Astra’s not such a bad car, simplistically. The detail design of the interior is not as good as a Mazda3 or Hyundai i30 - dollar for dollar. Nor is it as space efficient. Despite all three being the same size, you get 10 per cent more cargo volume in an i30, and 13 per cent more in a Mazda3. If you’re thinking about breeding over the term of ownership, that might be significant.
The 1.4 turbo petrol engine in the cheaper models is OK - it’s comparable with the 2.0-litre non-turbo engines in equivalent Mazda3, Impreza and i30. But Astra has a nine-month service interval, where Mazda, Subaru and Hyundai all have 12 - this is significant if you’re a low-mileage driver.
Unfortunately, Astra’s 1.6 turbo petrol engine requires premium unleaded. And even though it demands this more expensive fuel - which pumps up the ownership cost considerably - it does not deliver any more performance than the Hyundai, which runs happily on 91.
The price of fuel is very important to many new car buyers, and while there’s a general obsession with fuel economy, a lot of buyers - maybe you - forget to check the minimum octane requirement.

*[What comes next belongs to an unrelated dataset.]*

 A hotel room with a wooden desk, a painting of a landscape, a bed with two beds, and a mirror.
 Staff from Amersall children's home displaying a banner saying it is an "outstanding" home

Astra also has a space-saver spare wheel and tyre. That is completely unacceptable on (quote-unquote) “Australia’s own” carmaker - nice job dismissing the needs of everyone who might drive long distances in regional areas. Jesus. What happened to core values. Did we fall over on them in the shower, suddenly?
Holden has done a great job on the suspension tuning - they’re pretty good at that. So at least the Astra is set up for Australia’s crap roads. And it looks OK - except for the sedan, which is as ugly as a Honda City - and that’s profoundly ugly. Still - a subjective assessment there. The only one in this report.
Owning a car is not a three- to five-year road test by you. It’s a serious, medium-term financial commitment. You are locked into that car for your mobility. And this leads me to the main reasons not to buy the Astra.
Firstly: Holden is terrible at customer support, and renowned for selling unreliable cars to uninformed Australians. Holden has been so bad at this, for such a long time, that the corporate watchdog, the ACCC, recently attempted to put Holden’s head in a vice via a court-enforceable undertaking to comply with the legislated consumer guarantees.
You know a company is behaving badly when the ACCC issues a press release (August 3rd) entitled “Holden undertakes to comply with consumer guarantees” - I couldn’t make this up. Like, in what universe is it newsworthy when a company agrees to comply with legislation. It implies that compliance with the law up to this point was only optional.
What sort of limp-dick regulatory environment declares it OK to fail to comply with legislation? Consumer guarantees exist to protect you - with a right to refund or replacement by ensuring that there are minimum requirements like fit for purpose and reasonable durability.
For many years Holden has treated these guarantees as completely negotiable. It’s absolutely immoral. Like, you’re a king when you’re on the showroom floor, but a slave in the service department.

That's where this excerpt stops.